At the Trieste Summit you promoted further regional integration. How ready are the countries in the region to do just that considering relatively frequent disputes between the CEFTA countries, and between the CEFTA countries and Croatia?
— Regional integration is very important for the Western Balkans region and important steps have been taken in the transport and energy infrastructure. Most of the focus of the past 15 years has been to support north-south integration. We are now seeing increased interest in east-west integration. For example, Serbia, Montenegro and Albania can all take advantage of better connected power grids. Serbia could benefit from better access to Adriatic ports as well. Serbia’s CEFTA membership has been also very welcome. CEFTA, as earlier in the case of CEE countries, has played a significant role in facilitating cross-border trade by establishing a comprehensive free trade agreement in the Western Balkans region and replacing 32 bilateral agreements that were not mutually consistent. It also provides full liberalisation for virtually all manufacturing goods and most agricultural goods. It has also addressed the elimination of non-tariff barriers to trade between the signatory countries, the protection of intellectual property rights in accordance with international standards and the harmonisation of provisions on modern trade policy issues such as competition rules and state aid.
Serbia has been recording quite good results in terms of reducing unemployment, but, salary wise, workers in Serbia are way below their peers from CE countries. How can we bridge this gap?

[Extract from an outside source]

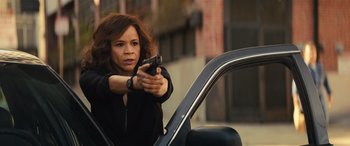 Movie still from “Birds of Prey” (2020), directed by Cathy Yan – A woman holding a gun while standing next to a car; Medium shot, Over the shoulder angle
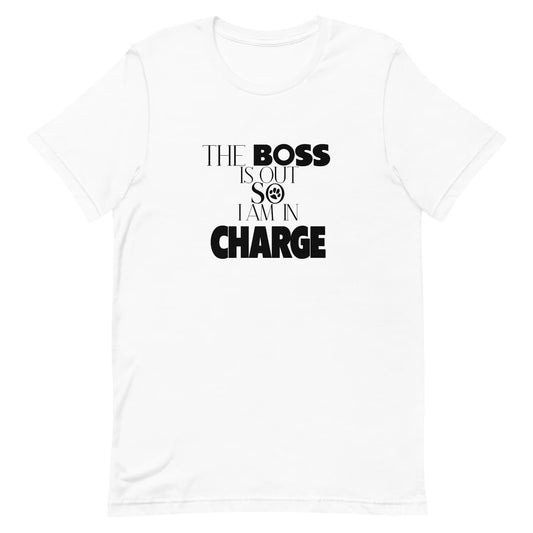 White crew neck short sleeved t-shirt, features a playful message "the boss is out so i am in charge" in bold black graphic style, underlined by a dog paw.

— In short, by raising productivity. Serbia’s productivity (value added per worker) is about one fifth of the EU average so, until this changes, Serbian producers can mainly compete with EU peers because wages are also lower. In the long run of course wages should converge to EU levels but in line with improvements in productivity. This is not a simple task and will take time. But productivity is to be improved by making the country more business-friendly, and Serbia will be able to attract investors who can bring cutting-edge technologies, innovation and training of workers. The government can take action which will make the economy more business friendly and IFIs are supporting their efforts. The EBRD’s own Investment Climate and Governance Initiative aims at some of these. For example, we are supporting the Ministry of Public Administration to carry out reforms of the inspections regime. We are helping the Ministry of Justice to introduce and strengthen alternative dispute resolution. We are assisting in improving the governance of state-owned enterprises. Meanwhile, our Advice for Small Business team is helping SMEs to become better-managed and more successful in the market. Perhaps most importantly, we are ready to team up with investors who can bring new technologies and new ways of doing business to Serbia. All these can contribute to more successful, more productive companies that can pay higher wages.
EBRD has been focusing on boosting competitiveness in public utility companies. Do you think that the management in these companies has enough will and readiness to improve their companies’ operations?
— We do work with our partners to help improve governance in both private and public companies. In the public sector, we currently have significant support initiatives under way at the Deposit Insurance Agency, EPS, GSP and Komercijalna Banka. Each case is different but we generally see willingness to address governance and operational concerns. These are publicly owned utilities and there are social and political issues which emerged. Therefore, it is important to keep full support of the shareholder (that is, the state) and to maintain an open and transparent dialogue with Serbian citizens – they should understand that some short-term pain should bring long-term gains for the entire economy.